The new, weaker ESA rule cuts federal wildlife scientists out of the review process for federal projects. Now federal agencies involved with projects such as new highways, bridges, dams and airports can self-regulate to determine the threats posed to imperiled wildlife, a move that wildlife organizations believe poses grave threats to wildlife. These agencies not only lack the expertise to determine whether federal projects poses a threat to endangered wildlife, they have a built-in conflict of interest.
In a 2005 court ruling, Earthjustice, a public interest environmental law firm, successfully challenged a similar proposal to weaken the Endangered Species Act. That proposal authorized the EPA to exclude fish biologists from the US Fish and Wildlife Service and the National Marine Fisheries Service from decisions regarding the harm pesticides pose to federally protected salmon runs. A federal district court ruled this was a clear violation of the Endangered Species Act.
Conservation and fishing groups, represented by Earthjustice, announced they will challenge the new rule in federal district court. The Bush rule change violates federal law by not adequately considering the true impact on wildlife populations it will inflict.
The new rule also ignored federal requirements that assure the public’s right to review and comment on proposed rule changes. The Bush administration fast-tracked this proposal with as little public input as possible, refusing to accept comments by email or hold public hearings. Administration officials spent only four days reviewing the estimated 235,000 public comments regarding the rule change. Of that total, they admitted 200,000 opposed the rule change.
Earthjustice is representing the Sierra Club, Conservation Northwest, Pacific Coast Federation of Fishermen's Associations (PCFFA), and the Institute for Fisheries Resources. The Natural Resources Defense Council is joining Earthjustice in handling the lawsuit.
"Whether we’re talking about bald eagles or grizzly bears, gray wolves or northern spotted owls, they all need the benefit of wildlife experts when decisions are being made that might wipe out the habitat or food a wildlife species needs," said Earthjustice attorney Janette Brimmer.
"This administration has rejected anything with a whiff of science -- so before sulking out the back door, they are going after rules that force its use to prevent harm to our last wild animals and places," said Andrew Wetzler, director of the Endangered Species Program for the Natural Resources Defense Council (NRDC). "We remain convinced that these changes are illegal, so I guess we will see them in court."
Glen Spain of the Pacific Coast Federation of Fishermen’s Associations (PCFFA), said, "This new rule makes every ESA action a purely political decision rather than based on the best available science as the law requires.
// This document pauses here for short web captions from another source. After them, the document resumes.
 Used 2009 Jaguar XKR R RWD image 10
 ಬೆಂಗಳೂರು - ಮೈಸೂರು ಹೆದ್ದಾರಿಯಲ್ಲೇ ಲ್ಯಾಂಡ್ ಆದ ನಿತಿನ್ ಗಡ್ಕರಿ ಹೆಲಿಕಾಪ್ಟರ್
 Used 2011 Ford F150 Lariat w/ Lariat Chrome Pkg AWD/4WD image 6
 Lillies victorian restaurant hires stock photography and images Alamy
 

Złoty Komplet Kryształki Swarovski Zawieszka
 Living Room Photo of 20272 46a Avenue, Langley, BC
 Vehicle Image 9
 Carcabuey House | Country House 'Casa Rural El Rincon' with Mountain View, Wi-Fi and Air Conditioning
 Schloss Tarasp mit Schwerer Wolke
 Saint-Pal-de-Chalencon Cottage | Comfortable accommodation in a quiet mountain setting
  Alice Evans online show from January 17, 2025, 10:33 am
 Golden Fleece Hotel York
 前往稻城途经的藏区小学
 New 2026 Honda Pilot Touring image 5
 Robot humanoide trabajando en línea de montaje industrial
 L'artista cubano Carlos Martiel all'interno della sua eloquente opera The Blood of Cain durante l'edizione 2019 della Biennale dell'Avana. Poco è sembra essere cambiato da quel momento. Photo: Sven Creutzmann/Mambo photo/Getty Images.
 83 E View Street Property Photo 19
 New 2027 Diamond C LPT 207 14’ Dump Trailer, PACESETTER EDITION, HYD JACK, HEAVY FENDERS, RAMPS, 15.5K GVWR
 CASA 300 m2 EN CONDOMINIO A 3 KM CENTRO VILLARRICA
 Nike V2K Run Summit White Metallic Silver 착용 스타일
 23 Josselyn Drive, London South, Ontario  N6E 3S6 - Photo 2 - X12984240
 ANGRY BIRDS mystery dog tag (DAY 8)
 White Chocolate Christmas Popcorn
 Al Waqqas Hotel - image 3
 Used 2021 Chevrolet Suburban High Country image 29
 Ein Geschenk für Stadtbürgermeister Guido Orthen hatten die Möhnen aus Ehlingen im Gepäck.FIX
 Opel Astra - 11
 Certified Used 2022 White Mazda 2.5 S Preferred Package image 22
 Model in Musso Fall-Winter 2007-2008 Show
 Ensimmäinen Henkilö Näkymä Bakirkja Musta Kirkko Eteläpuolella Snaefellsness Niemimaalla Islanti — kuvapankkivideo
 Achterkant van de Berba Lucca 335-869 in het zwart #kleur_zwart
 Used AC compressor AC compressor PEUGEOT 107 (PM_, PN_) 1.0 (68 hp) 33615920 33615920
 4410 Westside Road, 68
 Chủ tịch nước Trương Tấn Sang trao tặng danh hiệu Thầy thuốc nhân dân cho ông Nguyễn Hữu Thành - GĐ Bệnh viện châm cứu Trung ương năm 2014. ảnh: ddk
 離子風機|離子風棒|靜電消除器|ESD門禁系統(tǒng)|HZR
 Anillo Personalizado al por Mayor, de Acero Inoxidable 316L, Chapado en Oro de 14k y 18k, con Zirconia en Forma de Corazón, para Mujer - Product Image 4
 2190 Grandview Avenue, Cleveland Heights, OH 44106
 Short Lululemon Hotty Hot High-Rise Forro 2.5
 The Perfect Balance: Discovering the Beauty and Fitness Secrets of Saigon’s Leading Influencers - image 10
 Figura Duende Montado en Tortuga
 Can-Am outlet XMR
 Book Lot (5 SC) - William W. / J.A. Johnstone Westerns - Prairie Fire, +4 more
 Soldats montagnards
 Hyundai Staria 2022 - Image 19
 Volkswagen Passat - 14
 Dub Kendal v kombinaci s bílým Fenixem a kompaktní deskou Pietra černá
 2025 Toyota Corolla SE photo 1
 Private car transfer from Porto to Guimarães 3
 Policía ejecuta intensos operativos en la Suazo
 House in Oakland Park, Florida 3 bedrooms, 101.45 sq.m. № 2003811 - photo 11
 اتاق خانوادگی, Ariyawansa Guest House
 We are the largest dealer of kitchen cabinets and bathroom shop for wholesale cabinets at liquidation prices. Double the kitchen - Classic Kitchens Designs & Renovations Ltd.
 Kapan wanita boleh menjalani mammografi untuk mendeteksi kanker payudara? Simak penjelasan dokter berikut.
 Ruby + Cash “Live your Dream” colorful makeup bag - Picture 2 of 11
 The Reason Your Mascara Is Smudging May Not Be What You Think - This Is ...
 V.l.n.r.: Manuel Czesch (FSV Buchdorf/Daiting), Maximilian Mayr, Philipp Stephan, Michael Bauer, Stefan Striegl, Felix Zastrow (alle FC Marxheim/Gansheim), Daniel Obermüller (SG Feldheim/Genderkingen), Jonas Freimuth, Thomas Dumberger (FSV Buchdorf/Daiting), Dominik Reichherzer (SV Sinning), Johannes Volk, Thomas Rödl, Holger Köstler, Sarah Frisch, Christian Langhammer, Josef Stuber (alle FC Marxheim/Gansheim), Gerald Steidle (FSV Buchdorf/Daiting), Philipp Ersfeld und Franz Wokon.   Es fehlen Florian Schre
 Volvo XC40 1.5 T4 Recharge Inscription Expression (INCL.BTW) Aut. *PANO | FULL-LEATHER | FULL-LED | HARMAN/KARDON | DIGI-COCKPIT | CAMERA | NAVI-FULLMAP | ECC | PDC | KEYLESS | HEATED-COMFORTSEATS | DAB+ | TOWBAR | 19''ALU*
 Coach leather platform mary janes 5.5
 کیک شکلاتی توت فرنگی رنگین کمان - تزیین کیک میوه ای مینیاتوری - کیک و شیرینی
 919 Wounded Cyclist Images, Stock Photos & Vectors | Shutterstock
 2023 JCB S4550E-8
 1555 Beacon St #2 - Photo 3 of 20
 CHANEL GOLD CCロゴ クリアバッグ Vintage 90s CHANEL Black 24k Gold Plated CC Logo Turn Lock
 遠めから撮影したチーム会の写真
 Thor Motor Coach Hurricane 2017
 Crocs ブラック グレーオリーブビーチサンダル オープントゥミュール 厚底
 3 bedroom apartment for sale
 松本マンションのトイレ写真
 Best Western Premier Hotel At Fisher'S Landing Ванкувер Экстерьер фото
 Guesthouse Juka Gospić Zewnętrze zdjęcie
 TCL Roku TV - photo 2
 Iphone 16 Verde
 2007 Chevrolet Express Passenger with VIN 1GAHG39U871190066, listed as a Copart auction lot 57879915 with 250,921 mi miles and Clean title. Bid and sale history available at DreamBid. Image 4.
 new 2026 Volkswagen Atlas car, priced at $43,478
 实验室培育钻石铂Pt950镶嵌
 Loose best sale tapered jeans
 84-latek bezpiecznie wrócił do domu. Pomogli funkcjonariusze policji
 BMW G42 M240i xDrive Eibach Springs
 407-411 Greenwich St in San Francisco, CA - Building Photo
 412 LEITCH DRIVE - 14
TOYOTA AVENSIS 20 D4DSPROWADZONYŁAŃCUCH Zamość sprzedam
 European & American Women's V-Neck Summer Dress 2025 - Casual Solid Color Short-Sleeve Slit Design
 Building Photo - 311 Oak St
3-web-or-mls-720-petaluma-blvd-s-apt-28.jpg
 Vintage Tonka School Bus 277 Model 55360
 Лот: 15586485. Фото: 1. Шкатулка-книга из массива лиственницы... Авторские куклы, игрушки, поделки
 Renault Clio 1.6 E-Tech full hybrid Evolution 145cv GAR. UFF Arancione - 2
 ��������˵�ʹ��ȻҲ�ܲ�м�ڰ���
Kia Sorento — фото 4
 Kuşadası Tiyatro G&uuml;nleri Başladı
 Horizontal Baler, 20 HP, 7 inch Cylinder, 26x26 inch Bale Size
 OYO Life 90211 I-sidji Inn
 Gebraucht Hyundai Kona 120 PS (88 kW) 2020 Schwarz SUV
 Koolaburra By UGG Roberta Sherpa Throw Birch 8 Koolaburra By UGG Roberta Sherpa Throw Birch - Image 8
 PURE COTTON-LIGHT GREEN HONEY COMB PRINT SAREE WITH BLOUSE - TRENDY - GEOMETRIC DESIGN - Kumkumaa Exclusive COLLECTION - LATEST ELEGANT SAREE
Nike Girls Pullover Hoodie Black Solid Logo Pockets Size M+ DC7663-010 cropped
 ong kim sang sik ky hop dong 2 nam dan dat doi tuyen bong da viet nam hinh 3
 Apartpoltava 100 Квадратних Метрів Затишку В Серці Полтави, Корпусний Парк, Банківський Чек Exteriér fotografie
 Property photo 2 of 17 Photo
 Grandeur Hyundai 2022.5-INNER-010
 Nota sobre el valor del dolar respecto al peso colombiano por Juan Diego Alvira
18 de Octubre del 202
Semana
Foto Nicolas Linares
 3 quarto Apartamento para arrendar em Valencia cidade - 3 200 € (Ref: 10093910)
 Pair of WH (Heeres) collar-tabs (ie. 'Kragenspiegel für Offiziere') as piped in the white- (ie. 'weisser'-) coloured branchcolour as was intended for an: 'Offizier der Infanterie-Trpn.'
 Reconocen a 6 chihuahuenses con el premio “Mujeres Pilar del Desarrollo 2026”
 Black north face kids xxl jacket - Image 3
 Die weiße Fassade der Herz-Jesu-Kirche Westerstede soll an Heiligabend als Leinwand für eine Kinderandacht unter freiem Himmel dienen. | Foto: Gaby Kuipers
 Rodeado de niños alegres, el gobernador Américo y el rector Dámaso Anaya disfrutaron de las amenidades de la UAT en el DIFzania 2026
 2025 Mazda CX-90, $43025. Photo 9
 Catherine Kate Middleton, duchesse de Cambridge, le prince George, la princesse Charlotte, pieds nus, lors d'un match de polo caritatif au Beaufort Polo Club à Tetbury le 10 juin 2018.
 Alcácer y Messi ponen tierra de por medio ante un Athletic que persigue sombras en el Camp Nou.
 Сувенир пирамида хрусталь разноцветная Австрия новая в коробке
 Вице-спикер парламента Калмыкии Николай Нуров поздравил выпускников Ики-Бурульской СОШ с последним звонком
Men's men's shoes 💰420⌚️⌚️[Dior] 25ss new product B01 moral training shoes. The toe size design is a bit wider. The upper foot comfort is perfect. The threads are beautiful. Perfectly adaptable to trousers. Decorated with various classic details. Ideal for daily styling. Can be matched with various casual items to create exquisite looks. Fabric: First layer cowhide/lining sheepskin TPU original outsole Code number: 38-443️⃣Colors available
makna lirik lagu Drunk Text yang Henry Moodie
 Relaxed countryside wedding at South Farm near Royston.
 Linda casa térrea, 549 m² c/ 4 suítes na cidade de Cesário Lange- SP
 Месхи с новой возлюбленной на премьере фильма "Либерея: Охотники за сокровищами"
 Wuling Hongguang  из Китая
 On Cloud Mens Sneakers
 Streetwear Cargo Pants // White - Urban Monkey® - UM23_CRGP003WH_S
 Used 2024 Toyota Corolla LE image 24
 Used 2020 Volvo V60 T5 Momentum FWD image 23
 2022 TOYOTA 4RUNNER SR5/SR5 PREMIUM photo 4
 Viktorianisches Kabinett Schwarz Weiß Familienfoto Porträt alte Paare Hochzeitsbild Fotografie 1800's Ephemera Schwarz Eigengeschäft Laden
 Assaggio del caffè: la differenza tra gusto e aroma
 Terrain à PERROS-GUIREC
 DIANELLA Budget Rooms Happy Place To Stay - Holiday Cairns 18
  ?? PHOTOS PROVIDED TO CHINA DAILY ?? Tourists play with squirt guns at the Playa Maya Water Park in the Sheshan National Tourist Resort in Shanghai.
On the west coast, this would mean the extinction of most of the nation’s existing salmon runs and the loss of a billion-dollar fishing industry."
"These rules would be a lasting reminder of all of the disdain for science and political trumping of expertise that have characterized the Bush Administration's efforts to dismantle fundamental environmental laws," said Sierra Club executive director Carl Pope. "When it comes to protecting wildlife, we should listen to the scientists who spend their lives studying these animals. If they say global warming is the biggest threat to polar bears, then we should do what it takes to eliminate that threat."